I just don't get why you guys never seem to distinguish between independent of the senses and independent of consciousness. Those two are two completely different things. Something can be a fact of reality independent of consciousness but not independent of the senses. And that is exactly what percepts are. They are part of objective reality external to our consciousness. To what extend they give us a right to make claims about the objective reality external to our senses is an entirely different question of its own.

 

This what I understand you to be asking in general while "struggling to make clear throughout the entire thread" that you do not "believe in the primacy of consciousness, but of existence." You are accepting the ontological objectivity of the object-sense-interaction but want to know why that makes our knowledge of the object epistemically objective.

 

That is, "things are what they are apart from consciousness, including the senses, but how does that guarantee that our knowledge of "what is" corresponds to "things in them selves" "apart from" our objective sensation of them".

 

But, first....

 

We need to address the notion that the initial question and context is synonymous with subsequent formulations, because it is a dangerous one for ones integration. My initial statement that Discovery continues to import from the initial context is not isomorphic to subsequent formulations.

 

In the OP Discovery asked:

,

[....]Entities are a product of object-sense-interaction. They exist only while we are perceiving them. They cease to exist when we fall asleep. Objects do not.[...]

How do we know that "The form or perception does not contribute anything that the entity-object does not possess in regard to the metaphysically singular status of bounded particulars."?
 

 

 

and since then, following Louie, reformulated to:

 



 

"There is an Object in reality that exists independent of my perceiving it. When it acts on my senses, I perceive it in the form of a particular percept."

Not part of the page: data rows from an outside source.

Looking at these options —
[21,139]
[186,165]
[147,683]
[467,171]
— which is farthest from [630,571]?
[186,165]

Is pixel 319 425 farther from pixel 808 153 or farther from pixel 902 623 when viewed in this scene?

This rules out the possibility of "object" and "percept" being synonyms. Percepts are a product of object-sense-interaction. They exist only while we are perceiving them. They cease to exist when we fall asleep. Objects do not. [...]

 

So the question remains:

 

How do we know whether "The form or perception (i.e. the percept) does not contribute anything that the entity-object does not possess in regard to the metaphysically singular status of bounded particulars."?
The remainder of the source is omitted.